Staff Data Scientist - Verification & Validation
Zoox
Zoox is on an ambitious journey to develop a full-stack autonomous vehicle system for cities. We are seeking a Staff Data Scientist to join a verification and validation team that evaluates safety-critical AI systems.
You will join a team of software and data engineers that leverage methods including log data analysis, simulation, and closed-course structured testing. You'll work cross-functionally with AI software, System Design and Mission Assurance, Simulation, Sensors, and other teams to develop, execute, and iterate on validation methods and pipelines. These pipelines evaluate safety-critical systems, are highly visible, and are an important critical path element of launching our service.

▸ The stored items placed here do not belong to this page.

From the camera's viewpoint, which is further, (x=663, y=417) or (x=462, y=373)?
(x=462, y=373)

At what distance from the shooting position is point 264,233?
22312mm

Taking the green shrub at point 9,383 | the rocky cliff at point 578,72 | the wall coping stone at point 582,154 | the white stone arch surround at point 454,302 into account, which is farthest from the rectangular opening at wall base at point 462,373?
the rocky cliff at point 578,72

The ideal candidate brings a hybrid of statistical rigor and engineering mindset to drive clarity from ambiguity, establish new processes, and propel the team forward.
In this role, you will:
Design Evaluation Frameworks: Architect statistical methodologies for safety-critical AI systems to form objective, rigorous conclusions about their performance and reliability.

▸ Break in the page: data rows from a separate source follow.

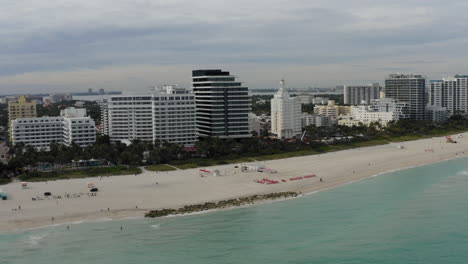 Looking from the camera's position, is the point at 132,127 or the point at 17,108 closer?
the point at 132,127

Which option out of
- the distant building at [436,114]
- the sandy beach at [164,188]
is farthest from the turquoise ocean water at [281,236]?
the distant building at [436,114]

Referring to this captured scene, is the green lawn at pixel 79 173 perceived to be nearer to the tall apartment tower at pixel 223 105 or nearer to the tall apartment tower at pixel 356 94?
the tall apartment tower at pixel 223 105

Conduct Robust Analysis: Deliver validation evidence to support increasingly complex operations and identify potential edge-case failures.
Inform Strategy: Deliver clear, data-driven insights to development teams to guide system improvement, and to executive leadership to inform milestone-level go/no-go decisions.

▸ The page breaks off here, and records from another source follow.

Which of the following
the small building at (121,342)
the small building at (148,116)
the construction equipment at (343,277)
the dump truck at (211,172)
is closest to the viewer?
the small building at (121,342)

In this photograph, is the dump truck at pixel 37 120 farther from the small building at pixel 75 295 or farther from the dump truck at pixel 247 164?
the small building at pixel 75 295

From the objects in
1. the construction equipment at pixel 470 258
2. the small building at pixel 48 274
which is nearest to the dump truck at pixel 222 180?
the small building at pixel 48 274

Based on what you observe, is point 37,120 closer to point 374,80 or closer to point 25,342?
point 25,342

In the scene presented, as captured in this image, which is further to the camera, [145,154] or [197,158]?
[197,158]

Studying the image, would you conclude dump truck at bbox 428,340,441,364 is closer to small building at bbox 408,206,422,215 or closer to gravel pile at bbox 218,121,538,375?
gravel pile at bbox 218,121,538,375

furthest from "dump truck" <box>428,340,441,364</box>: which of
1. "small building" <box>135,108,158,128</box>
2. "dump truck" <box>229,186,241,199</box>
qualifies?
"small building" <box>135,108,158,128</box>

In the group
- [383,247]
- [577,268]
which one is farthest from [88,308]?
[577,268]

Define Metrics: Drive alignment across engineering teams on performance metrics and data extraction strategies.
Lead the Lifecycle: Manage all phases of evaluation including prototyping, requirements capture, design, implementation, and validation.
Scale Pipelines: Partner with engineers to build and maintain scalable data processing and simulation pipelines, applying distributed computing to analyze petabytes of driving data.
Qualifications:
- MS or PhD in Statistics, Computer Science, Machine Learning, Applied Mathematics, or related quantitative field
- Proficiency in Python and SQL with experience in production-quality code
- Demonstrated expertise in statistical methodologies including hypothesis testing, power analysis, spatiotemporal modeling, Bayesian inference, and multivariate analysis.
- Experience with large-scale data analysis and statistical modeling
- Proficiency with Git, unit testing, and collaborative development practices
Bonus Qualifications:
Hands-on experience with production machine learning pipelines: dataset creation, training frameworks, metrics pipelines
Experience with modern data processing technologies such as Apache Spark, Spark SQL, and Databricks
Experience with designing metrics and delivering actionable insights that drive business decisions
256000 - 307000 USD a year